Five of those on board are Irish, including Halliday and Nobel Peace Prize laureate Mairead Maguire, 66. The others are five Malaysians, four Indonesians and a Scottish captain. "It's going about 200 miles a day," said Kevin Squires of the Ireland Palestine Solidarity Campaign (IPSC). "So it's expected to reach sometime on Saturday," he told AFP, while adding: "I think they want to get there during the day, in daylight, so they might slow down or speed up, depending on when that would actually be."
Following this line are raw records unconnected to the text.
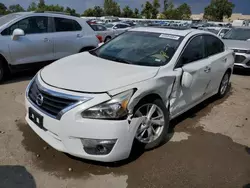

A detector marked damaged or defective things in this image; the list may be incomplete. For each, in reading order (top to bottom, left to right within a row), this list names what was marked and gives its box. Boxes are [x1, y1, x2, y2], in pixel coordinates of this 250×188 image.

crumpled hood [40, 52, 158, 92] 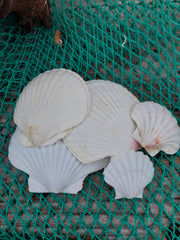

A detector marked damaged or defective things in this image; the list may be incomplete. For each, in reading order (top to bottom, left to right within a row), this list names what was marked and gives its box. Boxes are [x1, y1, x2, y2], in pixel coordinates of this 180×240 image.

brown rusty object [0, 0, 51, 31] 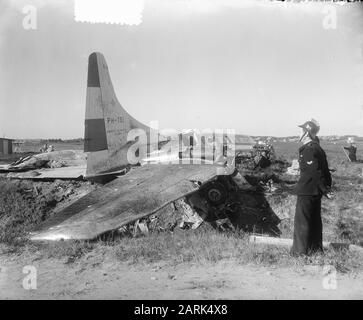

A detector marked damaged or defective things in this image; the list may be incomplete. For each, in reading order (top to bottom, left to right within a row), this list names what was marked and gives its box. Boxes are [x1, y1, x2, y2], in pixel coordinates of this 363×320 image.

wrecked airplane [22, 52, 256, 241] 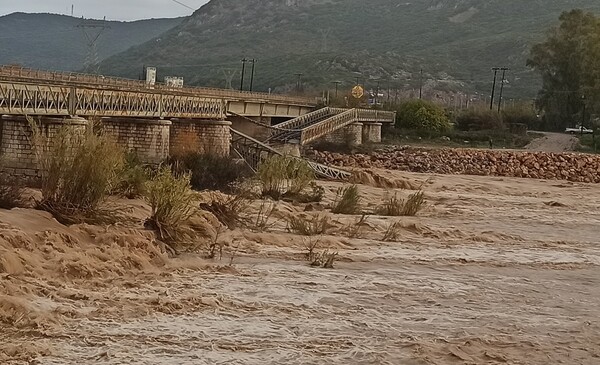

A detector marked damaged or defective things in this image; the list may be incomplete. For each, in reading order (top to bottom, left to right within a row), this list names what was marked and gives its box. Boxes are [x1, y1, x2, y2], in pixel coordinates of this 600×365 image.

bent metal structure [0, 66, 396, 180] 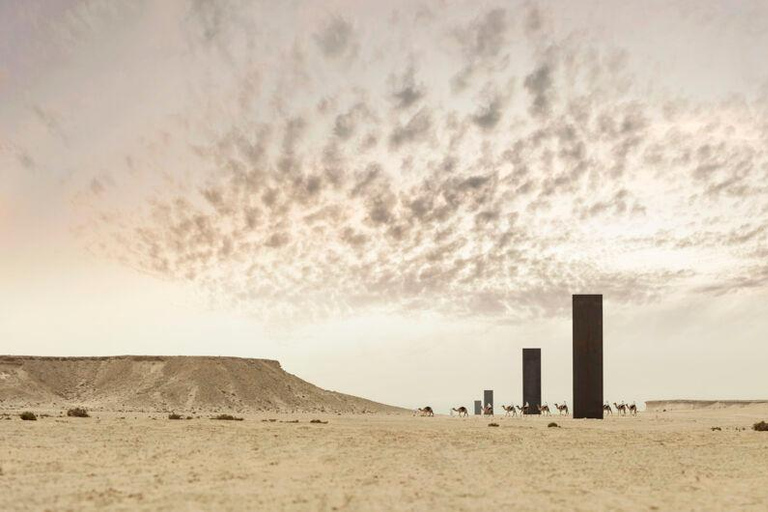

Asked how its passengers would respond if Israeli authorities try to stop or board the vessel, he added: "Their aim is to get to Gaza, but if the Israelis try to stop them they won't resist. "They'll sit down and put their arms in the air ... They can't very well carry on through a blockade. They will sit down and be arrested," he said. The boat is carrying some 750 tonnes of aid including medical and school supplies, toys, and cement, according to the vessel's manifest, supplied by the organisers.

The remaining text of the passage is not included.